RECORDS FOR PROCESSING -
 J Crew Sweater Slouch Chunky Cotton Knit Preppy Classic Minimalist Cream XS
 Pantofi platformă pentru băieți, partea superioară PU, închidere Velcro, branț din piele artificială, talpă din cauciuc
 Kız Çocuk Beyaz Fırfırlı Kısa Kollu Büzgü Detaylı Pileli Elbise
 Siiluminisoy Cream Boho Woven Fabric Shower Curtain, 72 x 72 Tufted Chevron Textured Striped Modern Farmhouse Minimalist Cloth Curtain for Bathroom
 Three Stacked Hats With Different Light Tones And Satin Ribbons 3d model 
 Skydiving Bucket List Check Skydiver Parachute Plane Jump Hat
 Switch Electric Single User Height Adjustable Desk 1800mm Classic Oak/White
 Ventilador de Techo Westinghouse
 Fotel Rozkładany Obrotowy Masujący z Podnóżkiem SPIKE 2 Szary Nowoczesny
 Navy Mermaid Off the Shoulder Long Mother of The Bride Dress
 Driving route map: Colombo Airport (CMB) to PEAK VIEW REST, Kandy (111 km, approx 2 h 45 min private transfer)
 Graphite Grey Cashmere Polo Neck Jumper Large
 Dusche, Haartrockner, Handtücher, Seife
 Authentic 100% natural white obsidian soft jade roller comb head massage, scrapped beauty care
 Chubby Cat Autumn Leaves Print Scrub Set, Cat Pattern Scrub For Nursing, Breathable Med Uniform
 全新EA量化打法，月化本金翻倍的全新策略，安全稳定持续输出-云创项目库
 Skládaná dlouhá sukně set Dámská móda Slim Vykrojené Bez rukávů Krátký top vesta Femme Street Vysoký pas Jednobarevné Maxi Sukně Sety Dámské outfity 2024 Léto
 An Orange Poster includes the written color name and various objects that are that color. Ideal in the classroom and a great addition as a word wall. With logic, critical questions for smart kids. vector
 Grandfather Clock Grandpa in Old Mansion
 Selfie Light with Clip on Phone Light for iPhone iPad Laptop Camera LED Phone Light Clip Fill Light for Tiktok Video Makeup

AIM OF THE TASK -
Retype the line containing "Ventilador de Techo Westinghouse" and each line after it through the end of the listing, exactly, leaving out everything else.

TASK OUTPUT -
 Ventilador de Techo Westinghouse
 Fotel Rozkładany Obrotowy Masujący z Podnóżkiem SPIKE 2 Szary Nowoczesny
 Navy Mermaid Off the Shoulder Long Mother of The Bride Dress
 Driving route map: Colombo Airport (CMB) to PEAK VIEW REST, Kandy (111 km, approx 2 h 45 min private transfer)
 Graphite Grey Cashmere Polo Neck Jumper Large
 Dusche, Haartrockner, Handtücher, Seife
 Authentic 100% natural white obsidian soft jade roller comb head massage, scrapped beauty care
 Chubby Cat Autumn Leaves Print Scrub Set, Cat Pattern Scrub For Nursing, Breathable Med Uniform
 全新EA量化打法，月化本金翻倍的全新策略，安全稳定持续输出-云创项目库
 Skládaná dlouhá sukně set Dámská móda Slim Vykrojené Bez rukávů Krátký top vesta Femme Street Vysoký pas Jednobarevné Maxi Sukně Sety Dámské outfity 2024 Léto
 An Orange Poster includes the written color name and various objects that are that color. Ideal in the classroom and a great addition as a word wall. With logic, critical questions for smart kids. vector
 Grandfather Clock Grandpa in Old Mansion
 Selfie Light with Clip on Phone Light for iPhone iPad Laptop Camera LED Phone Light Clip Fill Light for Tiktok Video Makeup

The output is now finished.